Maybe that’s why the band have never quite reached many people’s consciousness, flitting between so many styles without settling on one, never quite allowing themselves to be pigeonholed in the process. Whilst that may have its benefits, it’s likely to form less of a core following than other bands determined to nail down a specific style.
Band leader Dave Heumann has been pretty much at the helm for 15 years now, so it’s not like there has been an influx of personnel changes. Vocally, there’s a likeness in his tone that recalls Neil Young, like on folky opener How Deep It Goes. It’s all very pleasant before guitars emit a kind of prog rock, early Mike Oldfield vibe, but it’s a solid start. Closer High Water Song then goes on to sound like Young singing with a modern version of Bob Dylan’s old sidekicks The Band for a jaunty piano-led bouncy cut.
Buffeted By Wind, another light-folk number plus electric guitar, represents perhaps the most common presence on the album despite opening bars eerily recalling The Stone Roses’ This Is The One, chiming guitars quickly disappearing before Heumann gets a little Bryan Ferry on us. But it really does delve into all kinds of styles elsewhere.
Their past has often flirted with a strange medieval/mythical style – evident on A Prism In Reverse – and slow moving prog rock like Wishbone Ash, incorporating some wildly impressive electric guitar soloing – see Headwaters II for the evidence. A sludgy, bluesy guitar sound is another trait – stoner rock with a light touch – as the plodding, psychedelic No Sanctuary Blues will support.

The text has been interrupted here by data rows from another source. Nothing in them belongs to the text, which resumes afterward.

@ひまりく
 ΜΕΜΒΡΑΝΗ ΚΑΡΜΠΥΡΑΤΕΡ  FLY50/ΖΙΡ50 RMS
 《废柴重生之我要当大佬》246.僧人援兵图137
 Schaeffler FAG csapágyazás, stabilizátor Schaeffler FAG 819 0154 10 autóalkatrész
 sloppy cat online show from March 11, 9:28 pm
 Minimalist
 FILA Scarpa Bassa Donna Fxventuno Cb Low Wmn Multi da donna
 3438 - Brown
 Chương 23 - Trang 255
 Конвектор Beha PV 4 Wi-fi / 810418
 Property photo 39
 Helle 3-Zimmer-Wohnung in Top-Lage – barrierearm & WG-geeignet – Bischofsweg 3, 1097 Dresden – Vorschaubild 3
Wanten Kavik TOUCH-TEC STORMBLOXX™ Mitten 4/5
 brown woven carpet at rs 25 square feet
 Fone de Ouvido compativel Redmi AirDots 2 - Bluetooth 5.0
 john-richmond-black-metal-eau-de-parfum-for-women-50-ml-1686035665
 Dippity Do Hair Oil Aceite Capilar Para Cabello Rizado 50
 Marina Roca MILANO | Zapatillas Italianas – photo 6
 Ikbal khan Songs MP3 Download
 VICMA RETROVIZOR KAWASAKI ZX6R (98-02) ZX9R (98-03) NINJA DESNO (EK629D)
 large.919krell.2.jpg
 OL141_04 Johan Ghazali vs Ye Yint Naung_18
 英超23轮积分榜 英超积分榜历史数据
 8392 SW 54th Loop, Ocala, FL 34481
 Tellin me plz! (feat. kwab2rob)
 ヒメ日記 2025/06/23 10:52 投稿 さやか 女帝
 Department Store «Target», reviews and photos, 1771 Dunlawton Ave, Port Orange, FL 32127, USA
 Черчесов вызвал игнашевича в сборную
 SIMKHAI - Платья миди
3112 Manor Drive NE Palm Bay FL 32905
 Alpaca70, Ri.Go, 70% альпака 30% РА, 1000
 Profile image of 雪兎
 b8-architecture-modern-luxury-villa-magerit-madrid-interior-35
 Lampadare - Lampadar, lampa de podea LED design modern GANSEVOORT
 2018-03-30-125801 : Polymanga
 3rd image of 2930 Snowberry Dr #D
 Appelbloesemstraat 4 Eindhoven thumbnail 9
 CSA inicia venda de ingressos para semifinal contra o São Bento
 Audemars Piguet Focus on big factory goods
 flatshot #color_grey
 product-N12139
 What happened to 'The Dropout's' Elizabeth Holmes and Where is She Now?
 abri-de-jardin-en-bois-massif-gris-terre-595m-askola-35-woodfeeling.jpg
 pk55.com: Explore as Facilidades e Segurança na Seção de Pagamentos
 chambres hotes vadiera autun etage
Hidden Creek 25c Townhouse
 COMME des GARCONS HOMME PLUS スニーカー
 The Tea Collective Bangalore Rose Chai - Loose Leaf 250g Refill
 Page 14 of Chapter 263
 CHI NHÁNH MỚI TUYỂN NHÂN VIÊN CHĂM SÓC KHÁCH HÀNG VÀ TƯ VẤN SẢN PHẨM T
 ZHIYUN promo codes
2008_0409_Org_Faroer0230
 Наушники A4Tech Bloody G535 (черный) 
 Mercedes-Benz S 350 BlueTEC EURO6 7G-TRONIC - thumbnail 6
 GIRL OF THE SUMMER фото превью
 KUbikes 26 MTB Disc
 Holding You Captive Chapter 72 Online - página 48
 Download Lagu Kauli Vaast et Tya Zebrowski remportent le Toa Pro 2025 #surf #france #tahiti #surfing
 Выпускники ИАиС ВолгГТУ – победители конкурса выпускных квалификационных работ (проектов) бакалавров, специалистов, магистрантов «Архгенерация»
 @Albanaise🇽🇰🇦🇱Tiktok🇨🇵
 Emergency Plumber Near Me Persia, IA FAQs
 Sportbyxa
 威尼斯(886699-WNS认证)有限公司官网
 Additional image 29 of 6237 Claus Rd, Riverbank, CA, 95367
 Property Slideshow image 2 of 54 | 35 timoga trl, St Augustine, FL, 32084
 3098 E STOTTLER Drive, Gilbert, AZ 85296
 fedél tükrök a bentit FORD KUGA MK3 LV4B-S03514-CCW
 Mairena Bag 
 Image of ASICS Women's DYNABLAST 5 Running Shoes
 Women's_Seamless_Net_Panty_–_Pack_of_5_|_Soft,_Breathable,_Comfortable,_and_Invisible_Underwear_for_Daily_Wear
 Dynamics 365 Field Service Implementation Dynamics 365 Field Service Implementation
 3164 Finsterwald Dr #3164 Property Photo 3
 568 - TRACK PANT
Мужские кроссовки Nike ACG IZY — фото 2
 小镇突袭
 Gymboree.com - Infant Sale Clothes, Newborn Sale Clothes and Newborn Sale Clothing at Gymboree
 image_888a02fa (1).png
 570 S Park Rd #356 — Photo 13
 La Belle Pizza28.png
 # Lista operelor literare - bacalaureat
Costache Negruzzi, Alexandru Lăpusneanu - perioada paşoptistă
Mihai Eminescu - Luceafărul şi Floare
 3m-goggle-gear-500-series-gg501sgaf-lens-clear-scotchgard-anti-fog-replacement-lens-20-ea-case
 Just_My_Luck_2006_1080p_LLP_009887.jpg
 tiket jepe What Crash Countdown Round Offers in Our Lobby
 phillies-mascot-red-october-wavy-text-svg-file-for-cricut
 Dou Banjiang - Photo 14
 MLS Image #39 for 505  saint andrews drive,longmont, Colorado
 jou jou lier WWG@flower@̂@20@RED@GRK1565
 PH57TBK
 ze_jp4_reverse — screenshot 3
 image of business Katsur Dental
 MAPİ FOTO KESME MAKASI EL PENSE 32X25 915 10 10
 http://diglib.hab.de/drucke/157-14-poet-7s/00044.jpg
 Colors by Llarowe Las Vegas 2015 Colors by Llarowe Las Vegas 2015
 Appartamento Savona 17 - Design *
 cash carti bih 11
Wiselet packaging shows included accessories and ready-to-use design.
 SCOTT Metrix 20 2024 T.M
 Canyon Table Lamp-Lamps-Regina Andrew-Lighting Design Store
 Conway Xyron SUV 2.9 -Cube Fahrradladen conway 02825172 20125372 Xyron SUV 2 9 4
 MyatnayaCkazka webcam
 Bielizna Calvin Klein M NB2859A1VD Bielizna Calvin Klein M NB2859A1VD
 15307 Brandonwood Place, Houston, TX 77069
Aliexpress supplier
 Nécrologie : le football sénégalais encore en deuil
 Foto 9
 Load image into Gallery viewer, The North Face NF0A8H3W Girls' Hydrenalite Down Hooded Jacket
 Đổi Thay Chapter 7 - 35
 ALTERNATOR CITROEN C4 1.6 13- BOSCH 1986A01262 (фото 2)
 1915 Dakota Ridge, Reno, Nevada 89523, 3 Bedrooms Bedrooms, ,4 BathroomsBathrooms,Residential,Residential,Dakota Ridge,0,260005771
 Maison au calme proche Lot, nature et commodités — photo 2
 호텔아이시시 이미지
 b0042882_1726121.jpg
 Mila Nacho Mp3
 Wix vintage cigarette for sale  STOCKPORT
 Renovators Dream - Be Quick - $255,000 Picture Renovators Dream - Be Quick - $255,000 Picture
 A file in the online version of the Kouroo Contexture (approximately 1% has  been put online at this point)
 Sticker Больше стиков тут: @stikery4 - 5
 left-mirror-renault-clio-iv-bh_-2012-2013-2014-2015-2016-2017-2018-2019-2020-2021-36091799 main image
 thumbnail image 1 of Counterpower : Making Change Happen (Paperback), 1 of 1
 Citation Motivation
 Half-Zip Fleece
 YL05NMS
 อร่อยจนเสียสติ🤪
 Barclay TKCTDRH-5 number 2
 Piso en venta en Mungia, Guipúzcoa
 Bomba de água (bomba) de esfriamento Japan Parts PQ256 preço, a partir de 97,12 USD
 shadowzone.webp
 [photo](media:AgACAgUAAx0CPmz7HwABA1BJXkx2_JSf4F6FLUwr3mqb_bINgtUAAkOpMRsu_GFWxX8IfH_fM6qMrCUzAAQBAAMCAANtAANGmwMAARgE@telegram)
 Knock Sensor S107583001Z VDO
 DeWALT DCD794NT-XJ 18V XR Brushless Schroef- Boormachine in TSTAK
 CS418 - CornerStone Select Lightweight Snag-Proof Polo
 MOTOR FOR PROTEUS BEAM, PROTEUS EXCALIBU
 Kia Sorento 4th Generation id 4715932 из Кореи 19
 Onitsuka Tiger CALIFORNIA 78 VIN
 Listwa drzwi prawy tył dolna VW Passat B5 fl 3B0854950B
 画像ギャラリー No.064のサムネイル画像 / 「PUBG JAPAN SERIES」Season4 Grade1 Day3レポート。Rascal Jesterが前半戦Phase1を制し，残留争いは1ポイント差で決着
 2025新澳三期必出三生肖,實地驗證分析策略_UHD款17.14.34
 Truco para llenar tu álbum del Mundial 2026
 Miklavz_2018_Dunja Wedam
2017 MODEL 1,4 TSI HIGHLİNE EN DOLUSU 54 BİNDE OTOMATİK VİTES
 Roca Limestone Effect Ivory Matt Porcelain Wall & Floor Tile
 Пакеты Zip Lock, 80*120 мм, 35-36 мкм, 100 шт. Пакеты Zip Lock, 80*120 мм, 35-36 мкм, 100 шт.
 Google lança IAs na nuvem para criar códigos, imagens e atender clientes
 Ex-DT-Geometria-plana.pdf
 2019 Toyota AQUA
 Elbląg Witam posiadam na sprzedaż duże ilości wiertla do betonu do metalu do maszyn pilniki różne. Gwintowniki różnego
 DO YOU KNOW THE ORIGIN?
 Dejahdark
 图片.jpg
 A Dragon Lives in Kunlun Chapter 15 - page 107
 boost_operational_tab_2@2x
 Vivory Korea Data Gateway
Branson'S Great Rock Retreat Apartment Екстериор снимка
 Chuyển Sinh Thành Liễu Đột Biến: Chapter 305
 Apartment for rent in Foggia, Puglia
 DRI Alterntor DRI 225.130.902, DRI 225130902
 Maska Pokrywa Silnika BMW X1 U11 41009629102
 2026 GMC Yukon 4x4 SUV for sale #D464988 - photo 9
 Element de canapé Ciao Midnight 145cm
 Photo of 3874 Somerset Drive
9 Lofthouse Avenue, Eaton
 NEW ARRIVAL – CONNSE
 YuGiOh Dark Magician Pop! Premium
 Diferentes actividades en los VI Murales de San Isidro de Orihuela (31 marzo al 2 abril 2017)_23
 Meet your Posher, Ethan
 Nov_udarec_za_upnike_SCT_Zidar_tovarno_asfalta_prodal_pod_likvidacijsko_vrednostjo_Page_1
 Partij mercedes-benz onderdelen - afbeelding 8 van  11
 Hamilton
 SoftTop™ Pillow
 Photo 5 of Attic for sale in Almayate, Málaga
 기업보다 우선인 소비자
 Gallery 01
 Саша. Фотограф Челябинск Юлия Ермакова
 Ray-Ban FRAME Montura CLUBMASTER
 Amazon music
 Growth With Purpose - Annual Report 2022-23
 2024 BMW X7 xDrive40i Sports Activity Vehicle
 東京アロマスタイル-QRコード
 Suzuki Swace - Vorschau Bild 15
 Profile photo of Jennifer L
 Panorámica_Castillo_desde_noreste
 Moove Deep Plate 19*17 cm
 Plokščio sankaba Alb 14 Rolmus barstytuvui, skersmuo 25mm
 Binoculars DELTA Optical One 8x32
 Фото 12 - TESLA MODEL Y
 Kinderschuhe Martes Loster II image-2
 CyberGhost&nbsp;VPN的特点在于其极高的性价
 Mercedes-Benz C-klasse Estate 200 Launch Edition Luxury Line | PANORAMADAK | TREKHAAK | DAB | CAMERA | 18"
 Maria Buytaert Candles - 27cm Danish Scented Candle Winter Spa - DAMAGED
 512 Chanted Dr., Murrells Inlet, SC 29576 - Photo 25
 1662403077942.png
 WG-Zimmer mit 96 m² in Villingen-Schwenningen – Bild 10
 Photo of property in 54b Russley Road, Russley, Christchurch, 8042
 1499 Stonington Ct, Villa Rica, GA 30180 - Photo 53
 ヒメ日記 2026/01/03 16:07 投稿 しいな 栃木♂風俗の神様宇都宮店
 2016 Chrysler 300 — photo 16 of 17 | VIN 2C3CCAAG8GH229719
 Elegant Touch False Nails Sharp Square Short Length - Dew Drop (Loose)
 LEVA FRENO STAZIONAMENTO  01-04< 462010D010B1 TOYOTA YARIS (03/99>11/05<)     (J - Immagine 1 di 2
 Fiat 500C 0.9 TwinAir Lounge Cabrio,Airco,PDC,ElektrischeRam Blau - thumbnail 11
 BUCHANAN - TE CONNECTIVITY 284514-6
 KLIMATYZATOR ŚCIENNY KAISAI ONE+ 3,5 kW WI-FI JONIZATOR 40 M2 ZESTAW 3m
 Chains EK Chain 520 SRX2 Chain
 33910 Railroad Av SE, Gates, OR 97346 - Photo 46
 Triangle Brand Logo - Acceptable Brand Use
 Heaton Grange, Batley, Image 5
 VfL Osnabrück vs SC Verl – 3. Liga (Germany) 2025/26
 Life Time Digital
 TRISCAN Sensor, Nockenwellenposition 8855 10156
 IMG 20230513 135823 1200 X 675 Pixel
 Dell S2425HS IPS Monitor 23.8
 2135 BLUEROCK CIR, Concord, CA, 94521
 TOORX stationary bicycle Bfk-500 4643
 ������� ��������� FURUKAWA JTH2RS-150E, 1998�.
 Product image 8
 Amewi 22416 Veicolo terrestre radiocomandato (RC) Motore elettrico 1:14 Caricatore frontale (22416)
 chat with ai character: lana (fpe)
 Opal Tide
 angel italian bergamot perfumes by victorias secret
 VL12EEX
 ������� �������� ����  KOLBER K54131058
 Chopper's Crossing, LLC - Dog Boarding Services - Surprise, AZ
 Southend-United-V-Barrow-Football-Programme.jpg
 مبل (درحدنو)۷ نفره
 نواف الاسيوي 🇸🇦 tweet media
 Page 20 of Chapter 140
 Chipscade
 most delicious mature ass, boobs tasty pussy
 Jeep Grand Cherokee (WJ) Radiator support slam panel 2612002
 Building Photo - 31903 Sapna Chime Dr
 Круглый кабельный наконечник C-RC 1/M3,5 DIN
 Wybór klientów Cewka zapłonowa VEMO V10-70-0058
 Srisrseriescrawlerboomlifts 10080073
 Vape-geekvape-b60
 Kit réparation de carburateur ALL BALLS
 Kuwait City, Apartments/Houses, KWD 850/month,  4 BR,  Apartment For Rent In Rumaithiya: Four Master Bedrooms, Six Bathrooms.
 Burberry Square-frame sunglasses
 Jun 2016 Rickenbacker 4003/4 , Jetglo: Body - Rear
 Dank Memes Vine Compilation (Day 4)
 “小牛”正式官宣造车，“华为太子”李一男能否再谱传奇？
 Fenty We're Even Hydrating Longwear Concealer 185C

But the title track is something else. Not so much head and shoulders above the rest, it’s like Mount Everest sitting alongside the South Downs. At 11 minutes, it had to be pretty special and it most certainly is. Utterly stunning, this has more in common with their label mates Wooden Shjips than anything else as distorted vocals, a heavier touch and fantastic guitar soloing set to a stoner rock, propulsive motorik beat drive the track into a druggy haze you could get lost in. Brilliant stuff.
Where this leaves Arbouretum is another mystery, though. They churn out electric-folk-rock as if it’s second nature, but smacking you across the chops with something as spellbindingly superb as the title track takes them to another level – nay, planet – entirely. Oh for them to settle on this one style and keep us all snuggly safe in troublesome times forever – you wouldn’t need anything else. Yet while as a whole it’s disjointed, and the variation could hinder its success, Arbouretum have undoubtedly released another good album.